Os outros afetos são, portanto, qualificações da libido. São
qualificações que seguem em paralelo com a qualificação maior, que vai do
desprazer ao prazer. O acúmulo de tensão à redução de tensão. O princípio da
inércia é também um princípio afetivo. Um princípio que vai transformando
aquilo que é quantidade em qualidade. Essa é a tese freudiana: os afetos são,
por princípio, qualidade. Diz o Freud também: porque eles são qualidade, eles
afetam a consciência; e que não há afetos inconscientes. Há um pequeno reparo
nisso, no Mal-Estar na Civilização, quando ele vai falar da culpa inconsciente.

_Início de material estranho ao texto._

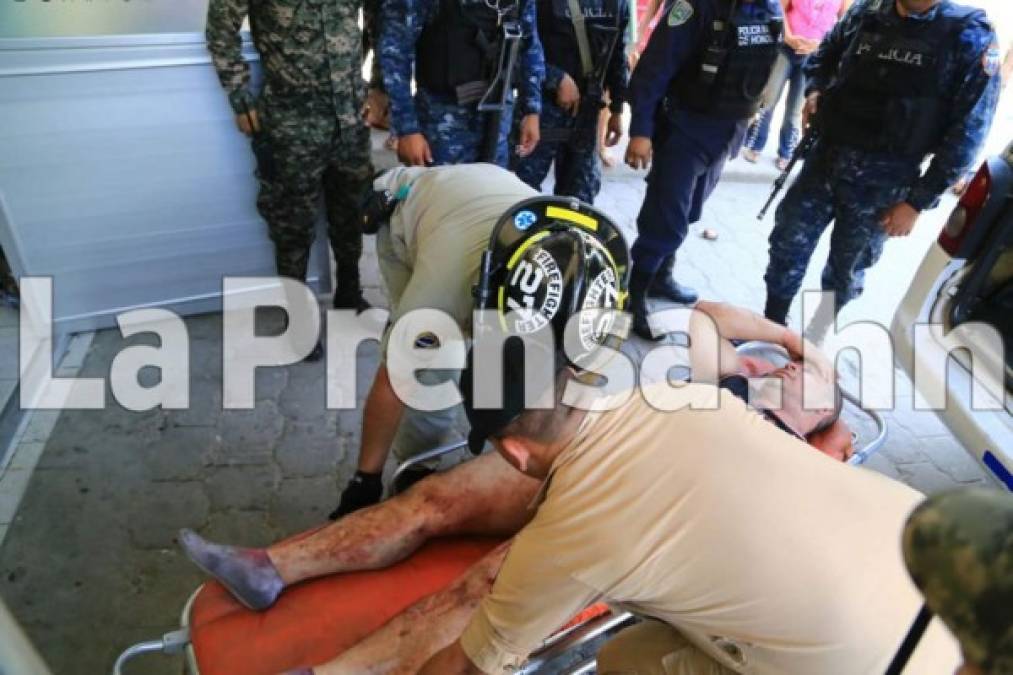 Varios de los reclusos heridos fueron trasladados al hospital Mario Rivas de San Pedro Sula.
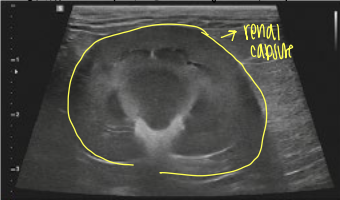 <p>what view is this ultrasound of the kidneys?</p>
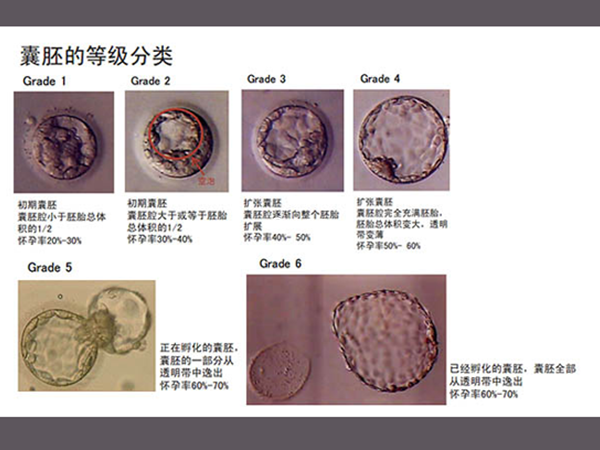 囊胚等级与妊娠率、妊娠继续率、流产率有关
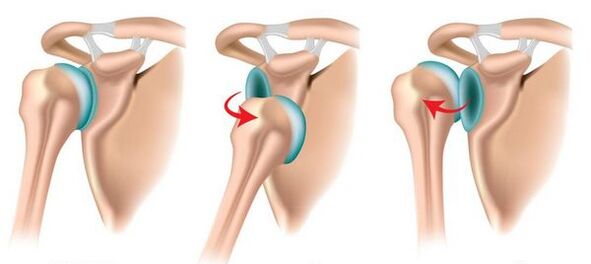 Anterior and posterior dislocation of the shoulder joint, leading to the development of arthrosis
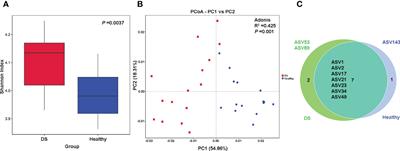 Profiling Blautia at high taxonomic resolution reveals correlations with cognitive dysfunction in Chinese children with Down syndrome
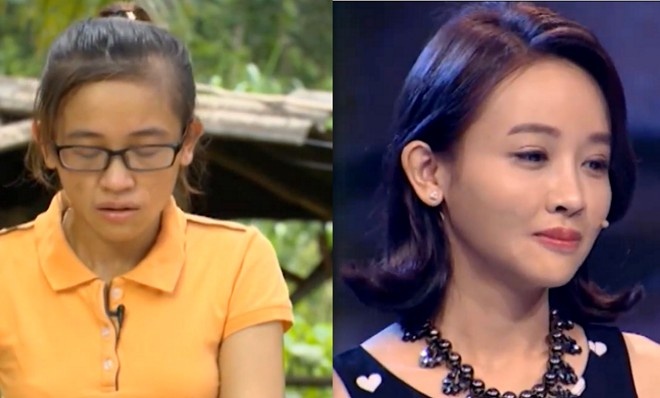 Thùy trước và sau khi tân trang nhan sắc.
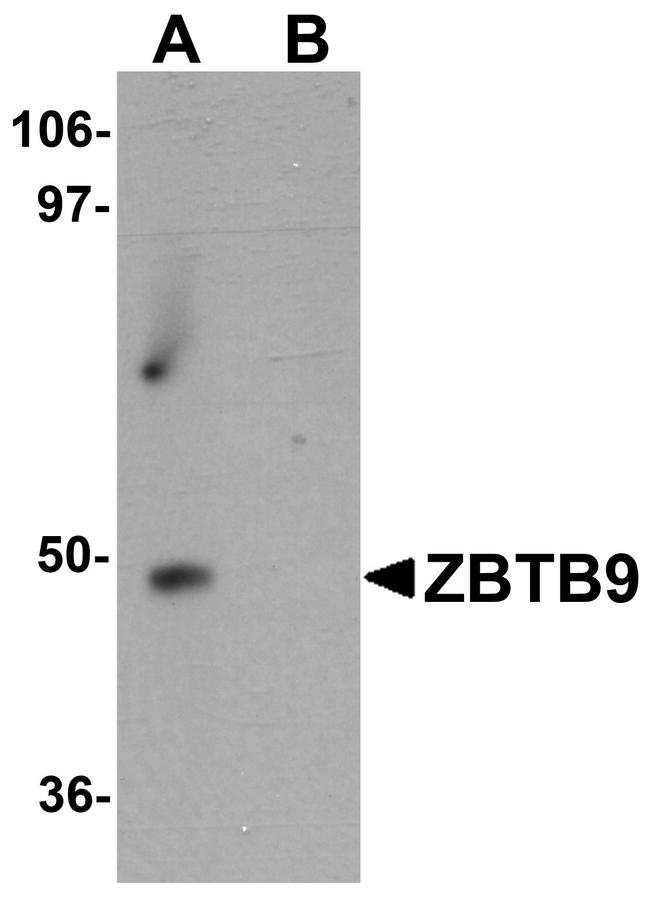 ZBTB9 Antibody in Western Blot (WB)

Mas, em tese, o que está no inconsciente, o que é recalcado, é sempre o
significante ou a representação. O afeto não é recalcado, é reprimido. Um é Verdrängung
(recalque), o outro é Unterdrückt (repressão). A repressão é, no fundo,
a transformação de um afeto em outro. E isso a gente faz cotidianamente. A gente
tenta modular os afetos quando cria racionalizações, quando a gente puxa a
leitura ou interpretação dos fatos para um lado ou para o outro, quando a gente
lida com nosso desejo. Todos esses processos, eles exigem deformações simbólicas,
mas eles exigem também deformações imaginárias. Essas deformações imaginárias,
pareadas ou conjugadas com as deformações simbólicas, são as deformações ou
repressões do afeto.
E a repressão última é aquela que
vai inibir o afeto na sua fonte, que vai dizer assim “nem começa!”. A repressão
e a transformação se dá na evolução do afeto, na distensão do afeto. Mas há
esse mecanismo em que se vai tampar a evolução ou a expressão do afeto, que se
pode chamar de repressão. O que vai acontecer é que se a repressão, enquanto repressão do afeto em
sua fonte, começa a se tornar mais e mais presente, a gente vai ter
manifestações de angústia. Muito do pânico, da ansiedade, da angústia, que são
cada vez mais manifestações do sofrimento contemporâneas, tem a ver com
retenção de afeto.
No começo da psicanálise, o Freud
comparava e contrastava a histeria de retenção, que é aquela que está baseada na
não exteriorização de afetos, na não expressão de afetos; com a histeria de
defesa ou de transferência, onde o afeto é desligado da representação e a
partir disso tem uma trajetória que é própria, e relativamente independente do
que foi recalcado.
O afeto é uma categoria primária
da psicanálise. Para o Freud, há uma teoria que liga os afetos à repetição:
cada vez que se experimenta o afeto, você refaz o arco histórico das outras vezes
em que esse afeto foi vivido. Então experimentar alegria é reviver todas as
situações que se viveu alegria na vida; experimentar tristeza é refazer todo o
clichê cristalográfico, como diz o Freud, que marca o afeto na sua linha de
continuidade.
Daí que a clínica com os afetos seja
uma clínica longa, uma clínica que pra você alterar o estado de ansiedade basal
mais ou menos presente, demora muito tempo. Alterar um estado de fobia social,
de pânico, também toma muito tempo porque justamente vai se tentar transformar
algo na experiência contínua dos afetos. É o que a Joyce McDougall neste livro
fantástico chamado “Teatros do Eu”, vai tematizar com a ideia da alexitimia,
que é a incapacidade de nomear afetos. Quando se perde a capacidade de dizer e
reconhecer o que se está sentindo naquele momento, se efetiva um tipo
particular de repressão. É como se aquele afeto começasse a se desmoronar, se
desfazer, ele começa a se transformar em outras coisas. E um dos destinos é a
angústia e o outro destino é a dor. Então a teoria da hipocondria, que está bem
desenvolvida neste trabalho do Aisensteinm, “Hipocondria”. Veja também os
trabalhos da (Maria) Helena Fernandes, sobre hipocondria, que são muito muito
interessantes: eles mostram que há um tipo de defesa que se baseia apenas nas transformações
da consciência, apenas na domesticação dos afetos, e que muito provavelmente há
formas de terapia que infelizmente se concentram apenas nisso e que acabam
produzindo efeitos colaterais, iatrogênicos, em termos de dores, de formações
somáticas. Que são diferentes das conversões: as conversões tem a ver com o
recalque; as somatizações tem a ver com repressão."